Montessori
Montessori at Kings Castle
Our baby and toddler rooms (Highcliffe and Christchurch) blend traditional and Montessori approaches to provide children with an introduction to Montessori within the context of the EYFS framework.
Once children join the Lulworth pre-school (at approximately age 3), they follow the full Montessori curriculum with a full team of Montessori-trained staff. The Montessori curriculum fully encompasses the EYFS Early Learning Goals and is excellent preparation for the transition to primary school.
What is Montessori?
Dr Maria Montessori was the first woman physician in Italy. She dedicated her life to developing a philosophy encouraging the child to maximise his or her full learning potential at his or her own pace.
The Montessori method of education is based on a balance between freedom and structure specially designed for the young child.
The child is treated with respect and as an individual.
The classroom is designed to be child-orientated providing a calm, attractive and stimulating environment where the child feels encouraged to explore and learn.

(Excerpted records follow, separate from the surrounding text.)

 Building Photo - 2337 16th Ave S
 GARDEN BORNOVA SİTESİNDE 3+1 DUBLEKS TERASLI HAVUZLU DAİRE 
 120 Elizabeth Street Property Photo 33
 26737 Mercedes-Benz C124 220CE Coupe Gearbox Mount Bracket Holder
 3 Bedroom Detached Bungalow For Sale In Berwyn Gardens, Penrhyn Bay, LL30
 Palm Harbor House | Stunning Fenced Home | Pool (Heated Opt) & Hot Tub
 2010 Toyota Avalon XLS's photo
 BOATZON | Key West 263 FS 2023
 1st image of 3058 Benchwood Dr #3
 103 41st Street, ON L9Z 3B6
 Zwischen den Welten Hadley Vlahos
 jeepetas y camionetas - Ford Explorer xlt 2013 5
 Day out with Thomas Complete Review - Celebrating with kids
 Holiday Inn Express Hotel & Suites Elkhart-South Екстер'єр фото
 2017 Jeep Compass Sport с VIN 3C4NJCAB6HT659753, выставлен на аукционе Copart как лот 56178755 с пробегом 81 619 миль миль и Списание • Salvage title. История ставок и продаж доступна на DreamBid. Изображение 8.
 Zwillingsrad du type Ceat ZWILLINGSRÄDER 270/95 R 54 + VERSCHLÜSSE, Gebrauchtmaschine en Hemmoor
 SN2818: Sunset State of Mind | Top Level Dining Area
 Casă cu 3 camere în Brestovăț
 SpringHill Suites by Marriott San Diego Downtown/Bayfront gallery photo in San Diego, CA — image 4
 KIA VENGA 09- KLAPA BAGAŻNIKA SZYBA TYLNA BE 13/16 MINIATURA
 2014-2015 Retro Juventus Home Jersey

The Montessori child will develop a love for work and order; concentration; independence; social skills and a concrete foundation of language and numeracy skills. It is our aim that the child feels nurtured, a member of the group and above all is happy.
The Montessori Curriculum
The Montessori curriculum has 5 main areas. At Kings Castle, there is a separate room or zone for each area of the curriculum.
Practical life
Using the child’s natural impulses as a point of departure, Montessori developed several activities for the classroom to help the child satisfy this need for meaningful activity. For these exercises she used familiar objects – buttons, brushes, jugs, water and many other things, which the child recognises from his home life. For the young child there is something special about tasks, which an adult considers ordinary, – washing dishes, chopping vegetables and polishing shoes. They are exciting to the child because they allow him to copy adults – one of the strongest urges during his early childhood.
Although the Practical Life exercises may seem simple and common place, each task helps the child indirectly to:
- Develop small and large motor control; hand-eye co-ordination; independence; social awareness; concentration and an ability to think logically.
- Prepares the child for reading, writing, maths and the wider world.
Sensorial
A young child finds out about the world through all his senses. Since he quite naturally uses all his power of observation during his early years, Montessori felt that this was the ideal time to give the child equipment, which would help him to understand the many impressions he receives through them. The Sensorial materials help the child to become aware of detail by offering him at first, strongly contrasting sensations, such as red and blue and then variously graded sensations such as many different shades of blue. Each of the Sensorial materials looks at one defining quality such as colour, weight, shape, texture, size, sound, and so on. The equipment emphasises this one quality by eliminating or minimising other differences. The child learns to distinguish, to categorise and to relate new information to what he already knows. It is brought about by the intelligence working in a concentrated way on the impressions given by the senses.
Language
Montessori always believed that the young child has a natural sensitivity for language. The child has a unique fascination for words, both printed and spoken. This fascination often enables him to begin reading and writing before the age at which it is traditionally taught.
The individual presentation of language materials allows the teacher to take advantage of each child’s greatest periods of interest. The child therefore learns to write not by writing but by performing a number of purposefully structured activities, which prepare him both indirectly, and directly for facility in handwriting.
Mathematics
Montessori demonstrated that if a child has access to mathematical equipment in his early years, he could easily and joyfully assimilate many facts and skills of arithmetic.
Montessori designed concrete materials to represent all types of quantities after she observed that the child who becomes interested in counting likes to touch or move the items as he counts them. Later, by combining this equipment, separating it, sharing it, counting it and comparing it, he can demonstrate to himself the basic operations of arithmetic. These activities give him the satisfaction of learning by discovery rather than by being told.
Culture
Science; Ecology; Geography; Zoology; Botany; Music (singing and rhymes) / Dancing / Drama; History; Art and Craft; Religion and Cookery are all incorporated into our nursery week. We also encourage the interests of each child and embrace local, national and global activities, events and traditions to give our children a fascinating introduction to the culture, nature and geography of the people and the world around us.